Quick Rule: Always process audio in this order — noise reduction → EQ → compression → de-essing → limiting. Doing it out of order causes each plugin to work against the others.

Frequently Asked Questions

Q: What does it mean to clean speech for podcast editing?
It means removing unwanted sounds from a voice recording — things like background noise, room echo, plosive pops, mouth clicks, and hiss — so the speech sounds clear and professional to listeners.
Q: Can I clean podcast audio for free?
Yes. Tools like Audacity, GarageBand (Mac), and browser-based tools like VocalRemoverX let you clean speech without spending a dime. Paid tools like iZotope RX offer more power, but free tools handle most problems well.
Q: How do I remove background noise from a podcast recording?
The most common method is noise reduction using a “noise profile.” You select a section of background-only noise, let the software analyze it, and then apply noise reduction to the whole track. Audacity makes this easy with its built-in Noise Reduction effect.
Q: What loudness should a podcast be?
Most podcast platforms, including Spotify and Apple Podcasts, recommend a loudness of –16 LUFS for stereo recordings and –19 LUFS for mono. Your true peak should not exceed –1 dBTP.
Q: Should I use a noise gate or noise reduction?
Both have their place. Noise reduction removes steady background noise (like fan hum or room tone) that’s present throughout the recording. A noise gate silences the mic between words during pauses. For most podcasters, noise reduction should come first, and a gate (or expander) is added on top if needed.
Q: How long does it take to edit and clean one hour of podcast audio?

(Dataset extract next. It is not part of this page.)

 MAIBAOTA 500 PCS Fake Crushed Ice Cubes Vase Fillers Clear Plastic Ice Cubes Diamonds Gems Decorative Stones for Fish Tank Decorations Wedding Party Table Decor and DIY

For a beginner, it can take 3–5 hours per hour of recording. As you get faster and build templates, this drops to 1–2 hours. Using AI tools can cut that down even further, sometimes to under 30 minutes for a clean recording.
Q: What file format should I export my podcast in?
For most podcasts, MP3 at 128 kbps (mono) or 192 kbps (stereo) is the standard. It keeps file sizes manageable while maintaining good audio quality. WAV or AIFF is better for archiving but too large for distribution.
Q: Is AI audio cleaning good enough for professional podcast production?
AI tools have improved massively in recent years. For most podcasts, AI-based noise removal (like Adobe Enhance Speech or VocalRemoverX) produces results that are more than good enough for professional release. For very damaged recordings, combining AI cleanup with manual spectral editing gives the best results.